Phases were computed and their quality in terms of map correlation coefficients is indicated in Fig. 11. For reference, the quality of the phases obtained by conventional SAD, as well as two- and three-wavelength MAD (on merged data, with isotropic anomalous scattering factors), is shown in Fig. 11. By using unmerged data and a parametrization for AAS, a very substantial improvement in the quality of the SAD phases is achieved over the standard procedure. This is quite remarkable since no new data were used to obtain this improvement: only the processing, heavy-atom refinement and phasing differed. In fact, the quality of the AAS-improved SAD phases is comparable with that of conventional two-wavelength MAD phases. Thus, the gains in terms of phasing power that can be achieved by fully exploiting the AAS effects present in the data (i.e. without collecting new data) are comparable to those which in a conventional approach would require the collection of a complete second data set at a different wavelength.

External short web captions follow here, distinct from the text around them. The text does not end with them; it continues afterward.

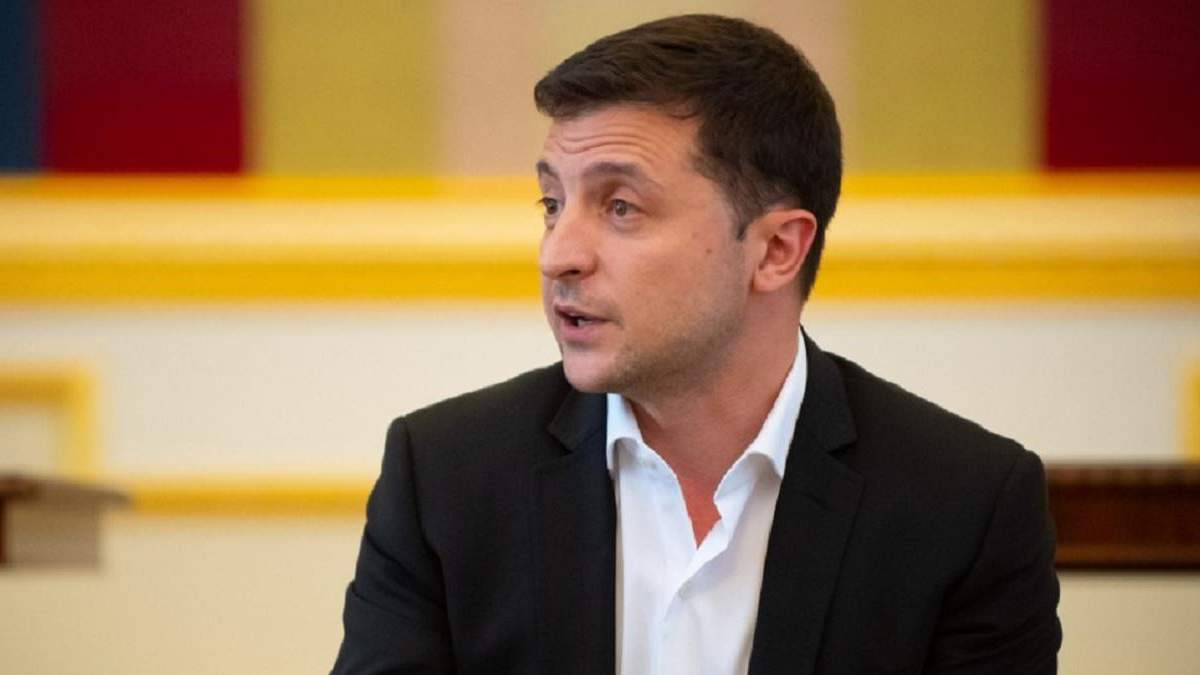 Зеленський прокоментував падіння свого рейтингу Зеленський прокоментував падіння свого рейтингу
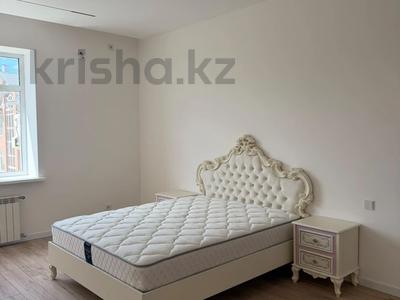 4-комнатная квартира · 195 м² · 3/5 этаж, Қадыргали Жалайыр 3 за 136 млн ₸ в Астане, Алматы р-н
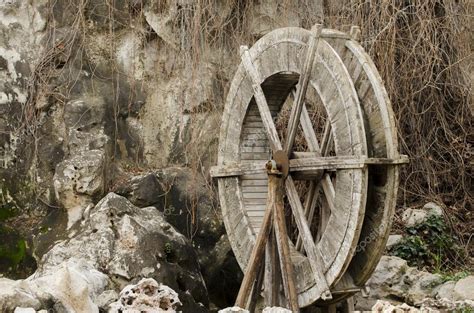 Wooden Wheel Of An Old Water Mill — Stock Photo © Sonerbakir 58825067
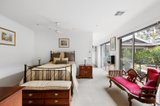 https://images.listonce.com.au/custom/160x/listings/14-oban-way-macleod-vic-3085/976/01699976_img_15.jpg?tNJHz9zQKNM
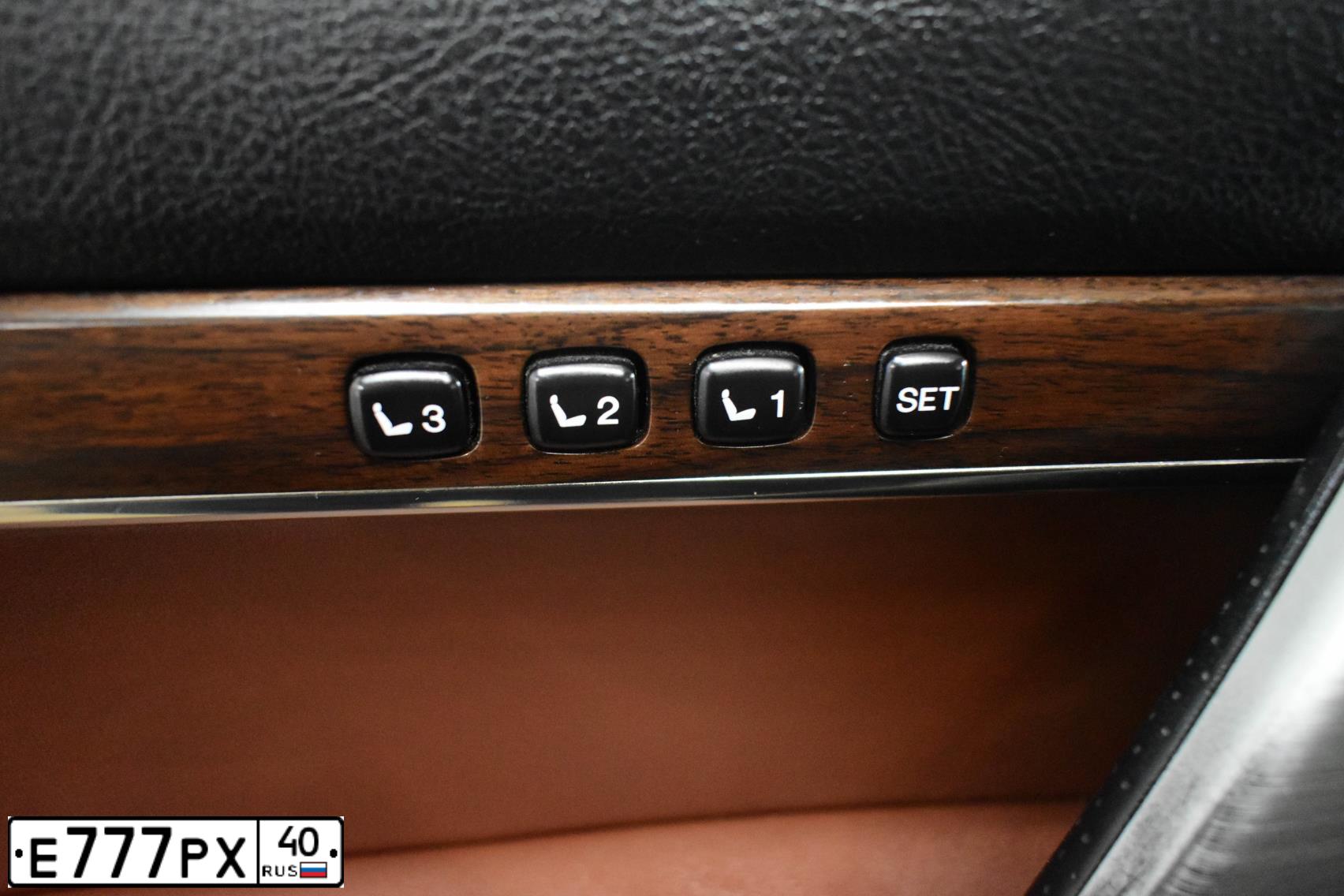 Фото автомобиля BMW X6, 2008 — госномер Е777РХ40. Цвет: БОРДОВЫЙ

Although the conventional three-wavelength MAD phases are still superior to the AAS-improved SAD phases, it must be stressed that three times more data needed to be collected for the former. Also, it can be seen that even though very good data were obtained (three wavelengths, very high redundancy, no radiation damage), there is still a small improvement in the quality of phases that can be achieved by exploiting AAS (compare the phasing statistics for the three-wavelength MAD phasing with and without AAS).

9. Discussion

The previous examples show that AAS is likely to have an impact on most standard SAD or MAD experiments performed at an absorption edge. Indeed, AAS is intrinsic to the phenomenon of X-ray scattering and its occurrence is therefore not restricted to special types of experiments (e.g. those involving azimuthal scans). The question then arises as to why the effects of AAS have until now largely gone unnoticed in protein crystallography. This state of affairs is the consequence of a combination of several circumstances.

  • (i) In the earlier days of the development of the MAD method, many experiments were conducted on bending-magnet beamlines at second-generation synchrotrons. The relatively large divergence of the beam delivered by these sources often gave rise to monochromatic X-rays of rather poor spectral purity. In the study of Fanchon & Hendrickson (1990), the weakness of the observed AAS-induced intensity modulations was attributed to the rather large energy bandpass of the beamline used (ΔE ≃ 10 eV). The spectral purity of the incident X-ray beam is a critical quantity since a poor energy resolution can completely smear out the effects of AAS. With the advent of undulator-based beamlines at third-generation synchrotrons, X-ray beams of greater spectral purity are now delivered routinely and many experimentalists have made anecdotal observations of dichroism, i.e. variations in X-ray absorption spectra as a function of crystal orientation. Occasionally, such observations were incorrectly attributed to radiation damage or changes of the oxidation state of the anomalously scattering atoms in the crystal. For further discussion of these aspects, see Bricogne et al. (2005).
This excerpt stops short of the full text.